=== Begin Enclosure ===

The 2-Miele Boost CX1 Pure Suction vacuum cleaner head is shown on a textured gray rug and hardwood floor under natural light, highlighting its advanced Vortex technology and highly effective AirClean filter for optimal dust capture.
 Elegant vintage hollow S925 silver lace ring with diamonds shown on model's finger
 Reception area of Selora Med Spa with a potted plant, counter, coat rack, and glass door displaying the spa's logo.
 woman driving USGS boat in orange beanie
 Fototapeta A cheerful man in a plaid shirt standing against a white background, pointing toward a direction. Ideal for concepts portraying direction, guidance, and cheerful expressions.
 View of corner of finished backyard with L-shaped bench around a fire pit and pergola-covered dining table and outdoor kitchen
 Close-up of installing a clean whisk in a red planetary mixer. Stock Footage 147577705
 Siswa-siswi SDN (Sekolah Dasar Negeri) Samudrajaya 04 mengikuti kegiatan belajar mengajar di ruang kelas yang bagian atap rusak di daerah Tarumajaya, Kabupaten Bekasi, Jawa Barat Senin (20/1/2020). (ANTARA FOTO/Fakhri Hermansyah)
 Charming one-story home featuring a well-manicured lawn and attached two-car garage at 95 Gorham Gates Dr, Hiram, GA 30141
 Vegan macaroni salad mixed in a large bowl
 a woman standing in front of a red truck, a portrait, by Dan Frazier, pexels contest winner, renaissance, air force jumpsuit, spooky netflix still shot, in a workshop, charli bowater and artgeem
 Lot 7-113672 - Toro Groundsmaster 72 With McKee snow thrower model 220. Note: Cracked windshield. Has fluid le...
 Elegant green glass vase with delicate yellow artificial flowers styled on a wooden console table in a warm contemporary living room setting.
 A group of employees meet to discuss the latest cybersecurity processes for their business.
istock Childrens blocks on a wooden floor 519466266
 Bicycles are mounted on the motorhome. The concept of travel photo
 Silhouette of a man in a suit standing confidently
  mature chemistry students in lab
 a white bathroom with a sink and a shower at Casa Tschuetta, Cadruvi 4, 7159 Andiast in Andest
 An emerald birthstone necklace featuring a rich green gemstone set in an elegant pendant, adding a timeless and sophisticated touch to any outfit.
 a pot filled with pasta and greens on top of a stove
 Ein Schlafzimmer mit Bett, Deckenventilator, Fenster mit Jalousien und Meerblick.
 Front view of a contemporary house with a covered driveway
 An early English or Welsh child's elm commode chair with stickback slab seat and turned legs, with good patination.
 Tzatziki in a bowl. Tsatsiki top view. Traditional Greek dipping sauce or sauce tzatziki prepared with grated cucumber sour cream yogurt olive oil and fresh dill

=== End Enclosure ===

TASK REQUIREMENTS :: Return exactly the lines that run from the top of the listing above to the line containing "Siswa-siswi SDN (Sekolah", please, keeping both end lines and leaving out everything else.

SOLUTION FOR THIS PROBLEM ::
The 2-Miele Boost CX1 Pure Suction vacuum cleaner head is shown on a textured gray rug and hardwood floor under natural light, highlighting its advanced Vortex technology and highly effective AirClean filter for optimal dust capture.
 Elegant vintage hollow S925 silver lace ring with diamonds shown on model's finger
 Reception area of Selora Med Spa with a potted plant, counter, coat rack, and glass door displaying the spa's logo.
 woman driving USGS boat in orange beanie
 Fototapeta A cheerful man in a plaid shirt standing against a white background, pointing toward a direction. Ideal for concepts portraying direction, guidance, and cheerful expressions.
 View of corner of finished backyard with L-shaped bench around a fire pit and pergola-covered dining table and outdoor kitchen
 Close-up of installing a clean whisk in a red planetary mixer. Stock Footage 147577705
 Siswa-siswi SDN (Sekolah Dasar Negeri) Samudrajaya 04 mengikuti kegiatan belajar mengajar di ruang kelas yang bagian atap rusak di daerah Tarumajaya, Kabupaten Bekasi, Jawa Barat Senin (20/1/2020). (ANTARA FOTO/Fakhri Hermansyah)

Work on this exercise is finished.